Report every line in the listing below where the string "ceiling" shows up.
═════ Input records
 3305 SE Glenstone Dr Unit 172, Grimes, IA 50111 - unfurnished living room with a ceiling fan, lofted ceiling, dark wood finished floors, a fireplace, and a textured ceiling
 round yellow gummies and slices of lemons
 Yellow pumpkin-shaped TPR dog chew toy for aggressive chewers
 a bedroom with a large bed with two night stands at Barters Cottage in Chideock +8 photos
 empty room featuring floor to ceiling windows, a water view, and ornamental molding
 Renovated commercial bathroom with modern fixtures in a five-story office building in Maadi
══════════
_Solution below_.
 3305 SE Glenstone Dr Unit 172, Grimes, IA 50111 - unfurnished living room with a ceiling fan, lofted ceiling, dark wood finished floors, a fireplace, and a textured ceiling
 empty room featuring floor to ceiling windows, a water view, and ornamental molding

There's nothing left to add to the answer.